-------- The data

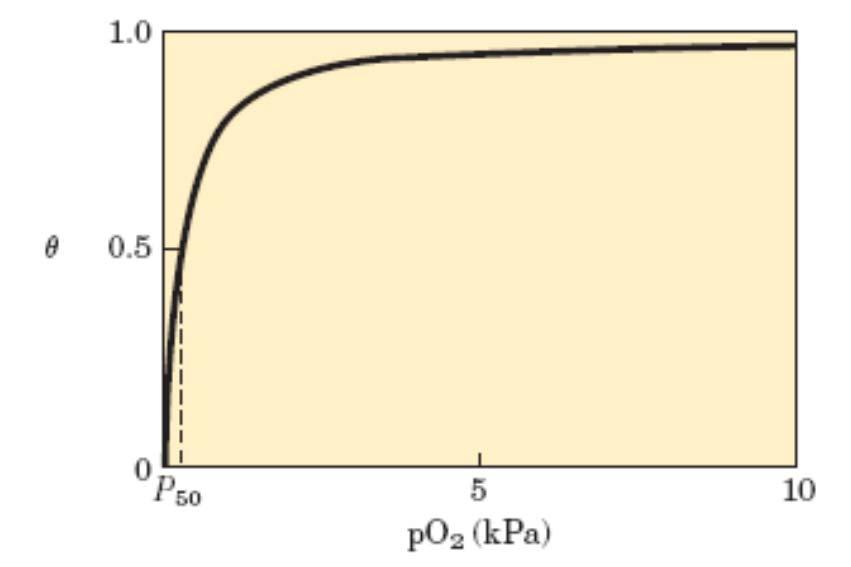Vezava liganda (L) na protein: enačba in grafična predstavitev θ L L K d θ θ O 2 O 2 Kd O 2 O 2 O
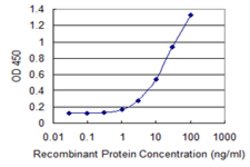 OXSR1, Mouse anti-Human, Clone: 1B10, Abnova 100&mu;g; Unconjugated:Antibodies,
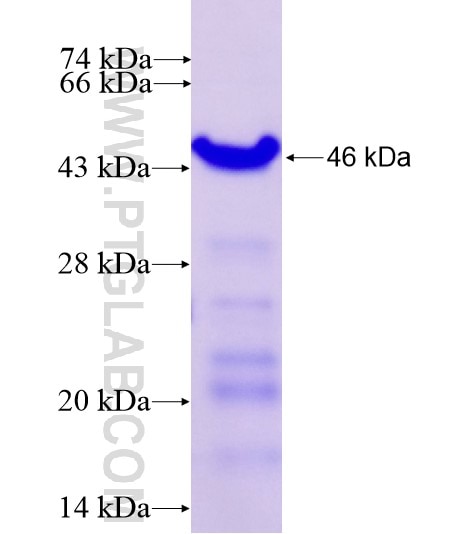 RNF126 fusion protein Ag13816 SDS-PAGE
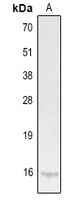 IL-9 Rabbit Polyclonal Antibody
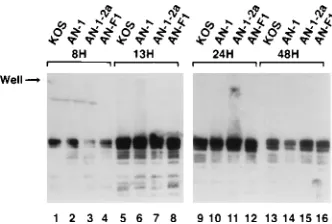 FIG. 6. Southern blot analysis of well DNA from wild-type- and nucgenomic HSV DNA digested withLambda ladder PFGE markers and lambda DNA digested withinfected cells digested withisolated as described in the legend to Fig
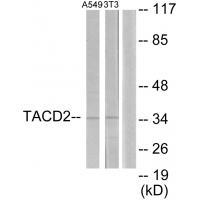 TACD2 Antibody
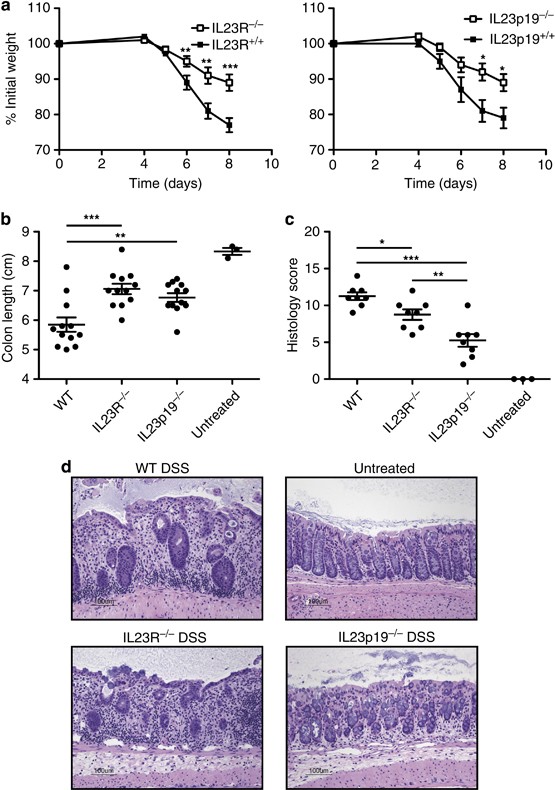 Opposing Consequences Of Il 23 Signaling Mediated By Innate And Adaptive Cells In Chemically Induced Colitis In Mice Mucosal Immunology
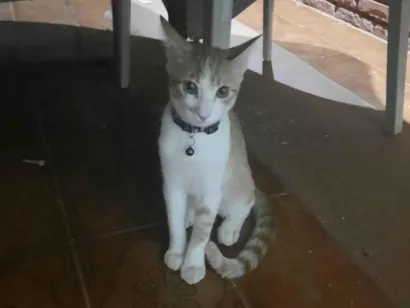 Gato raça SRD-ViraLata idade 2 a 6 meses nome Sem nome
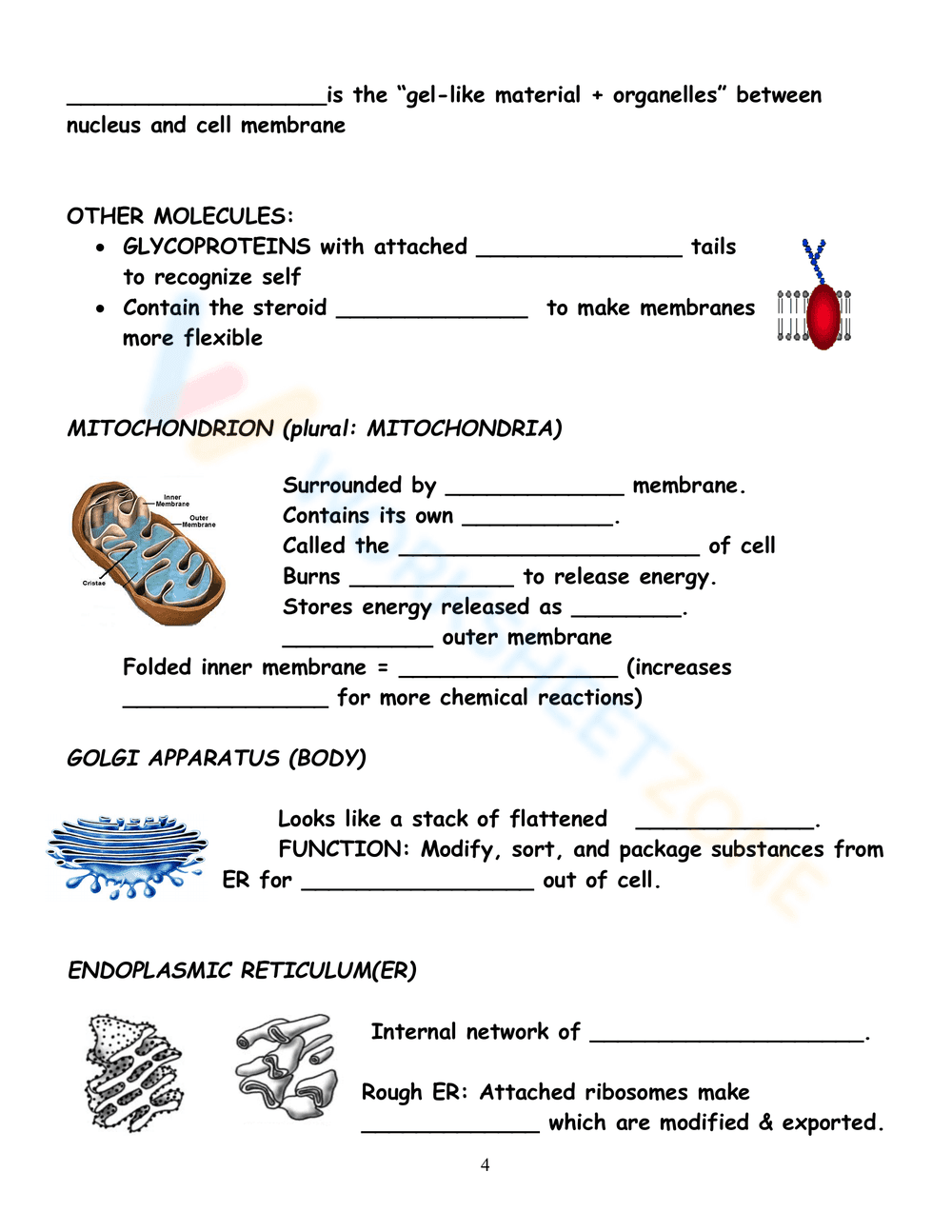 Parts of Prokaryotic & Eukaryotic Cells - Page 4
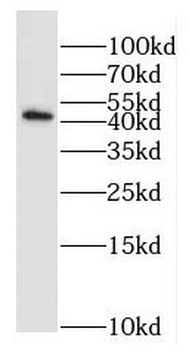EXOG Rabbit Polyclonal Antibody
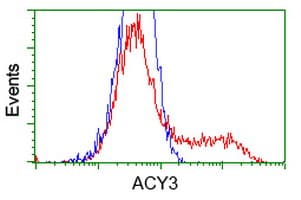 ACY3 Antibody (clone OTI2G4, Carrier-free)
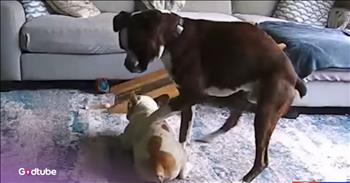 <p>A dog helped to save its canine friend during a medical emergency. The animal sensed something was terribly wrong with its buddy and, amazingly, responded in a way you must see to believe. Watch the short but jaw-dropping clip to see what one animal did when its buddy had a seizure.</p>

<p>Animals are, without a doubt, some of the best creatures on the planet. Who could or would want to argue otherwise? I guess someone could take the other side of that topic, but they would be incredibly wrong. Animals are cute, cuddly and are some of the best friends you&rsquo;ll ever hope to make.</p>

<p>Dogs especially occupy a special place in most people&rsquo;s hearts. They are loyal to a fault, love unconditionally and are thrilled to see you when you walk through that door. They aren&rsquo;t referred to as man&rsquo;s best friend for nothing. But in addition to being great companions and furry, four-legged family members, dogs are incredibly smart beings. <a href="https://www.youtube.com/watch?v=xcDVV8qlhQ0">A clip posted on YouTube</a> shows that one dog, a Boxer named Reggie, knew exactly what to do when its buddy, Yogi, a French bulldog, had a seizure.</p>

<p>Footage shows Reggie and Yogi in the living room doing what appears to be playing, possibly even wrestling, but that is not the case at all. Yogi, who has Epilepsy, has just undergone a seizure, is not moving and appears to be completely lifeless. Watching from the outside, it seems to be a tragic scene. However, Reggie instinctively knew what to do and began frantically rolling Yogi back and forth across the floor in a desperate attempt to get the dog moving once again.</p>

<p>&ldquo;If it wasn&rsquo;t for Reggie, you know, moving him all around and being here, I would have come home to, you know, him not being alive,&rdquo; Sarah McCardle said.</p>

<p><em><strong><a href="https://www.godtube.com/bible/genesis/1-21">Genesis 1:21</a></strong> &ldquo;And God created great whales, and every living creature that moves, which the waters brought forth abundantly, after their kind, and every winged fowl after his kind: and God saw that it was good.&rdquo;</em></p>

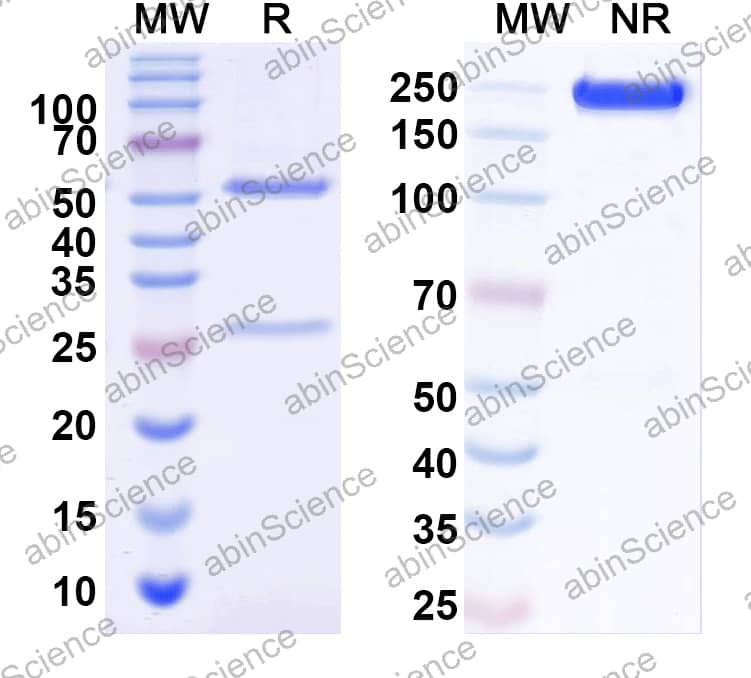 Anti-Mouse CD191/CCR1 Recombinant Antibody (SAA2406)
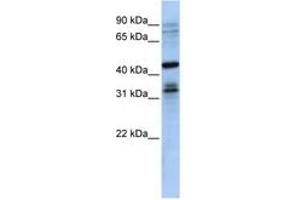 Image no. 1 for anti-Musashi Homolog 2 (MSI2) (N-Term) antibody (ABIN6740711) (MSI2 抗体  (N-Term))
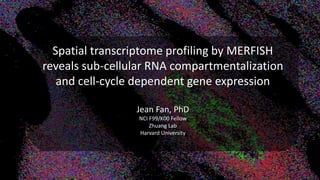 Spatial transcriptome profiling by MERFISH
reveals sub-cellular RNA compartmentalization
and cell-cycle dependent gene exp...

----------------

→ To do:
Give back the entries verbatim. Do not include any picture.

→ Answer box:
Vezava liganda (L) na protein: enačba in grafična predstavitev θ L L K d θ θ O 2 O 2 Kd O 2 O 2 O
 OXSR1, Mouse anti-Human, Clone: 1B10, Abnova 100&mu;g; Unconjugated:Antibodies,
 RNF126 fusion protein Ag13816 SDS-PAGE
 IL-9 Rabbit Polyclonal Antibody
 FIG. 6. Southern blot analysis of well DNA from wild-type- and nucgenomic HSV DNA digested withLambda ladder PFGE markers and lambda DNA digested withinfected cells digested withisolated as described in the legend to Fig
 TACD2 Antibody
 Opposing Consequences Of Il 23 Signaling Mediated By Innate And Adaptive Cells In Chemically Induced Colitis In Mice Mucosal Immunology
 Gato raça SRD-ViraLata idade 2 a 6 meses nome Sem nome
 Parts of Prokaryotic & Eukaryotic Cells - Page 4
EXOG Rabbit Polyclonal Antibody
 ACY3 Antibody (clone OTI2G4, Carrier-free)
 <p>A dog helped to save its canine friend during a medical emergency. The animal sensed something was terribly wrong with its buddy and, amazingly, responded in a way you must see to believe. Watch the short but jaw-dropping clip to see what one animal did when its buddy had a seizure.</p>

<p>Animals are, without a doubt, some of the best creatures on the planet. Who could or would want to argue otherwise? I guess someone could take the other side of that topic, but they would be incredibly wrong. Animals are cute, cuddly and are some of the best friends you&rsquo;ll ever hope to make.</p>

<p>Dogs especially occupy a special place in most people&rsquo;s hearts. They are loyal to a fault, love unconditionally and are thrilled to see you when you walk through that door. They aren&rsquo;t referred to as man&rsquo;s best friend for nothing. But in addition to being great companions and furry, four-legged family members, dogs are incredibly smart beings. <a href="https://www.youtube.com/watch?v=xcDVV8qlhQ0">A clip posted on YouTube</a> shows that one dog, a Boxer named Reggie, knew exactly what to do when its buddy, Yogi, a French bulldog, had a seizure.</p>

<p>Footage shows Reggie and Yogi in the living room doing what appears to be playing, possibly even wrestling, but that is not the case at all. Yogi, who has Epilepsy, has just undergone a seizure, is not moving and appears to be completely lifeless. Watching from the outside, it seems to be a tragic scene. However, Reggie instinctively knew what to do and began frantically rolling Yogi back and forth across the floor in a desperate attempt to get the dog moving once again.</p>

<p>&ldquo;If it wasn&rsquo;t for Reggie, you know, moving him all around and being here, I would have come home to, you know, him not being alive,&rdquo; Sarah McCardle said.</p>

<p><em><strong><a href="https://www.godtube.com/bible/genesis/1-21">Genesis 1:21</a></strong> &ldquo;And God created great whales, and every living creature that moves, which the waters brought forth abundantly, after their kind, and every winged fowl after his kind: and God saw that it was good.&rdquo;</em></p>

 Anti-Mouse CD191/CCR1 Recombinant Antibody (SAA2406)
 Image no. 1 for anti-Musashi Homolog 2 (MSI2) (N-Term) antibody (ABIN6740711) (MSI2 抗体  (N-Term))
 Spatial transcriptome profiling by MERFISH
reveals sub-cellular RNA compartmentalization
and cell-cycle dependent gene exp...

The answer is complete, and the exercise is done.